Our hero/narrator is Police Captain Mikhail Ivanovich Tsupkoy, a happily married man, with one daughter. He had fought in World War II and had been badly injured but had recovered. The party had sent him to Chernihiv (called Chernigov in this book), Khemlin’s home town. The period is the start of the 1950s.

Mikhail has been called on to investigate the murder of one Lilia Vorobeichik. He is not Jewish but the victim and many of the people he will deal with during the course of this case are Jewish (as was Khemlin). Lilia had been stabbed but the murder weapon is missing. The (woman) doctor tells him that Lilia was wearing a well-made dress so Mikhail realises he should speak to the dressmaker. She is identified as Polina Lvovna Laevskaya and, as well as a dressmaker, was a friend of the victim. Mikhail soon discovers that Lilia had a boyfriend, Roman Nikolayevich Moiseenko, a theatrical actor, quite a bit younger than the victim. He soon confesses. Mikhail is worried, as it seems too easy and somewhat unconvincing but a signed confession is a signed confession. Roman is arrested and charged. A knife is missing from a matching set in Roman’s flat. Soon afterwards, Roman commits suicide, leaving no note. Case closed.

But, of course, it isn’t closed. Mikhail is diligent and thorough and is sure that he has missed something. He snoops around. Then, one day, he sees the victim, alive. He tracks her down to the block of flats where Lilia lived and where her body was found, and finds out that the person he has seen is Eva, Lilia’s twin sister. As well as being diligent and thorough, he is observant, and when he enters the Vorobeichik house, he sees matzos. He finds this suspicious for two reasons. Firstly, Passover has recently finished. Secondly, matzos have been strongly discouraged by the Soviet authorities and, indeed, people have been arrested for eating them. He learns that they have been made for the chickens.

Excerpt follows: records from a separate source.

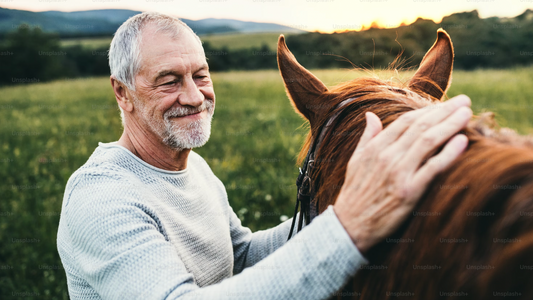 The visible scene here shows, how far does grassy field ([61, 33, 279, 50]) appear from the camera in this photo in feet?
137

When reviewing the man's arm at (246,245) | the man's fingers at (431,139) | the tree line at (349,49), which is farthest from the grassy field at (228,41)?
the man's fingers at (431,139)

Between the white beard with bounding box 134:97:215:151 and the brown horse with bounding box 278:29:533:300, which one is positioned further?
the white beard with bounding box 134:97:215:151

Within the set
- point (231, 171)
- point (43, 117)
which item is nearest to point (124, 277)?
point (231, 171)

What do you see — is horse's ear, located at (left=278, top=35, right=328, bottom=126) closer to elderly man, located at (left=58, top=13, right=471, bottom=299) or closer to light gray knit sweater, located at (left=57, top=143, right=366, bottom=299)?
elderly man, located at (left=58, top=13, right=471, bottom=299)

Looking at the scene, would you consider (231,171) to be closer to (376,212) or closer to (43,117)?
(376,212)

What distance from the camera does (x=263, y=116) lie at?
444 inches

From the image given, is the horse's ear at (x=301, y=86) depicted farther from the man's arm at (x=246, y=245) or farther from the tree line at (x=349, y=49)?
the tree line at (x=349, y=49)

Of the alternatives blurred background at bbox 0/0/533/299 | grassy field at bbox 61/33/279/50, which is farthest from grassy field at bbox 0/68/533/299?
grassy field at bbox 61/33/279/50

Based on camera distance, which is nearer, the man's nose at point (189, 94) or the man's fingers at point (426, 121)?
the man's fingers at point (426, 121)

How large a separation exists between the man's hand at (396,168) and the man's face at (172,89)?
1.27 metres

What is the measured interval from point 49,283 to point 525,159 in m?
4.24

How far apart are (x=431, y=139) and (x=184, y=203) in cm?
145

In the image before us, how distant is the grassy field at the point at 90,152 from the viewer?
4172mm

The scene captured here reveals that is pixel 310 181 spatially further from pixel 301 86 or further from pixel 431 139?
pixel 431 139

Mikhail continues to investigate unofficially. He comes across Zusel Tabachnik, a somewhat suspicious individual who seems to know many of the Jews in the area. Mikhail’s colleague, Evsey Gutin, a Jew, also helps him. He learns about Jewish customs and the fact that many Jews moved to Chernihov when they were driven out of other places. He even attends (somewhat inadvertently) a Jewish wedding. He also finds an old friend from his home town (which he visits for the first time since the war – his parents were both killed by the Germans) – who knows Zusev.

Gradually, we learn the history of the Jews in the area and what the Jews suffered in the Soviet Union. Mikhail seems to be essentially a very decent man but is still not averse to anti-Semitic comments as are many other non-Jews. As this is the Stalinist period, millions of people were arrested and shipped off to Siberia, where many of them die. Many Jews were sent to Siberia and/or shot for being cosmopolitan. Of those Jews, many that were not sent to Siberia, lost jobs, housing and various civic rights, simply because they were Jews.

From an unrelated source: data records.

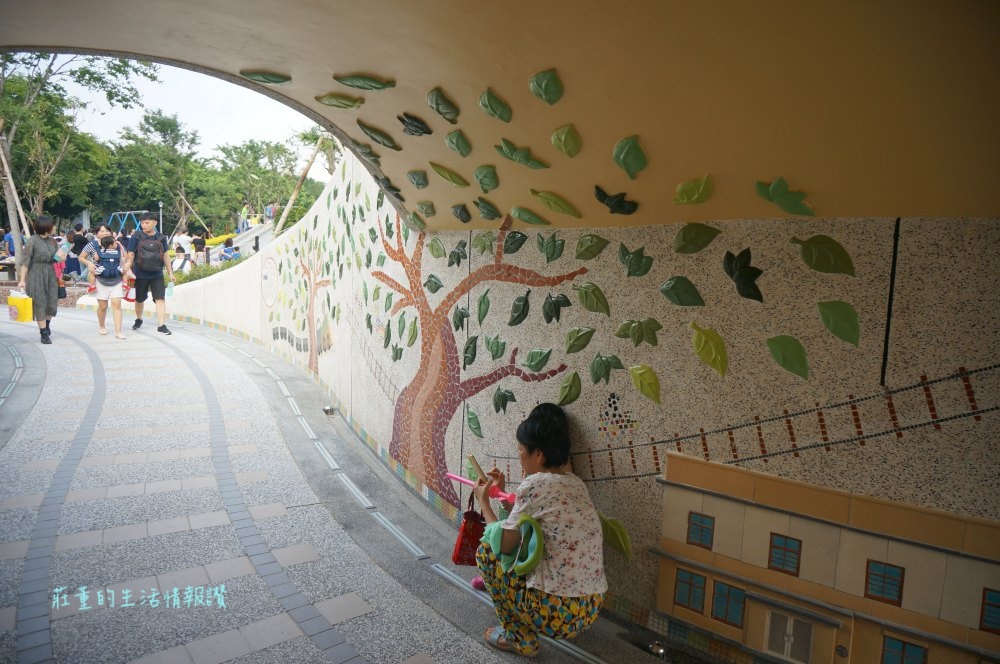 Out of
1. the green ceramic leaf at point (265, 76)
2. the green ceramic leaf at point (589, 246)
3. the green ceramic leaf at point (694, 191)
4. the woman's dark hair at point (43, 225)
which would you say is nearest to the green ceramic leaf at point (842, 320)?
the green ceramic leaf at point (694, 191)

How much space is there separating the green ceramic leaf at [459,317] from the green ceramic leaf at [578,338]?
1088 mm

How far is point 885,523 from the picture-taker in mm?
2203

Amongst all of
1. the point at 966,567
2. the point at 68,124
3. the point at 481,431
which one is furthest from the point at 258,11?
the point at 68,124

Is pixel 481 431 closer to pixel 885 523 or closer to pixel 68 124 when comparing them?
pixel 885 523

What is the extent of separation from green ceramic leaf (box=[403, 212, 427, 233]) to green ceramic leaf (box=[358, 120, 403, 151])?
0.81 m

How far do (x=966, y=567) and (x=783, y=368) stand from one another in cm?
89

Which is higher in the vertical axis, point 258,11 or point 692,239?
point 258,11

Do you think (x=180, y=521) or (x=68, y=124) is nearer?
(x=180, y=521)

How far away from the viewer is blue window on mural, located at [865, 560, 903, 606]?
2186mm

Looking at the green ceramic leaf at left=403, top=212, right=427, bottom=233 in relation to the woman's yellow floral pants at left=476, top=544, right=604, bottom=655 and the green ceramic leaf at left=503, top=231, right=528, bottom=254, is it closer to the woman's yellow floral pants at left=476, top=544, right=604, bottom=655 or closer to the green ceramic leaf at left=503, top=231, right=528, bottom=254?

Mikhail and his wife become more sympathetic. Lyuba, Mikhail’s wife, uses Polina as a dressmaker but then makes the usual remarks when the bill is presented. Then Evsey Gutin kills himself – no-one knows why – and his wife has a mental breakdown. Mikhail and his wife agree to adopt one of their sons, Iosif (named after Stalin). This causes problems. The grandfather, Dovid, who has adopted the other two children, is not happy, though he really is not able to look after them and Iosif has poor health.

Things start taking a turn for the worse. There seem to be several plots and conspiracies going on. Mikhail is more and more dragged into the mess, with an effect on his marriage, an effect on his job and even an effect on his own mental stability. He keeps thinking he is close to a solution but then finds out more that changes his view. I knew lots of things he claims but, it would seem, not enough. There is a revelation by one of the characters, which leads him to make an assumption, but this is soon altered by more evidence.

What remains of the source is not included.